# Star Wars Jesus



## Southern Presbyterian (Jan 5, 2008)

I was in Books-A-Million yesterday killing some time and look what I found in the Christian Inspiration section.







It's broken down into daily readings that take you through all six movies in a devotional fashion.


----------



## DMcFadden (Jan 5, 2008)

James,

The author even has his own website: StarWarsJesus


----------



## Megaloo (Jan 5, 2008)

"A spiritual commentary on the reality of the Force." 

Ahh...so, I did get 5 of 6 Star Wars movies for Christmas! I am pretty happy about that. The only one I am missing is II, but I could care less about the latest releases, they were dumb in my opinion.

Perhaps I can start a bible study...I wonder when we come to the Ewoks, if I can compare them to angels!?!?


----------



## DMcFadden (Jan 5, 2008)

Megaloo said:


> "A spiritual commentary on the reality of the Force."
> 
> Ahh...so, I did get 5 of 6 Star Wars movies for Christmas! I am pretty happy about that.
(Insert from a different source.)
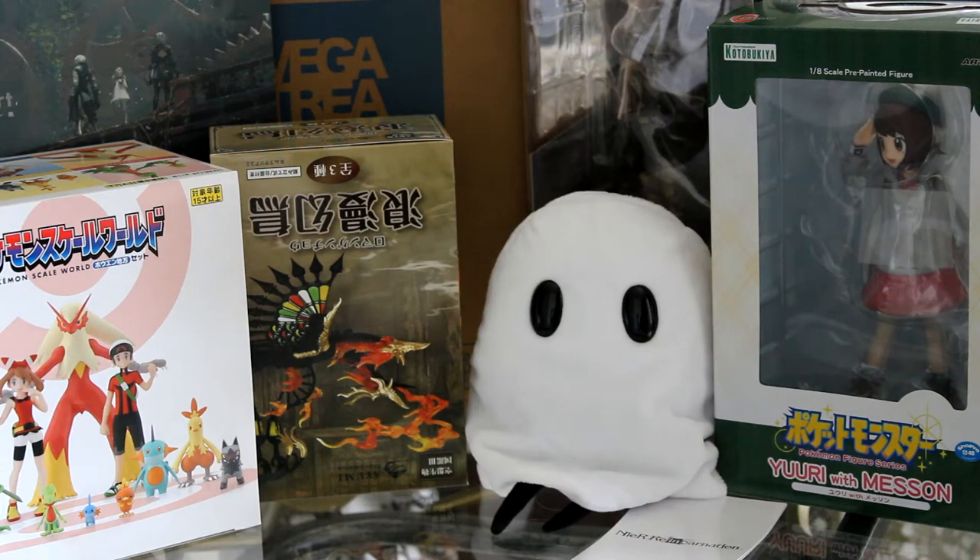Hello everyone and welcome to another one of my hauls! This one is an Ami Ami haul and I pre-ordered most of these items in early 2021. Their release dates were in June 2021 and I went with Surface Milk Premium as my shipping, so I know I got these a few months late. I'm really excited to show you guys what I got, so without further ado let's get into it.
The only one I am missing is II, but I could care less about the latest releases, they were dumb in my opinion.
> 
> Perhaps I can start a bible study...I wonder when we come to the Ewoks, if I can compare them to angels!?!?



I have an actual Ewok if you need inspiration . . .


----------



## jaybird0827 (Jan 5, 2008)

Megaloo said:


> ... The only one I am missing is II, but I could care less about the latest releases, they were dumb in my opinion. ...
> [


 
 "You ain't kiddin'". 

IV and V will always be the best.

Oh yeah,


----------



## Southern Presbyterian (Jan 5, 2008)

Megaloo said:


> Perhaps I can start a bible study...



And when you're done with that you can move onto "Mayberry Morals", the bible study based on The Andy Griffith Show. More than one church in my area has done this.


----------



## jawyman (Jan 5, 2008)

Hey I know! We could all meet to watch all the Star War movies and then move to a Hooters to discuss how much Christianity is laced throughout the movies.


----------



## etexas (Jan 5, 2008)

Uncle etexas is feeling something here.....oh yes queasy!


----------



## DMcFadden (Jan 5, 2008)

jawyman said:


> Hey I know! We could all meet to watch all the Star War movies and then move to a Hooters to discuss how much Christianity is laced throughout the movies.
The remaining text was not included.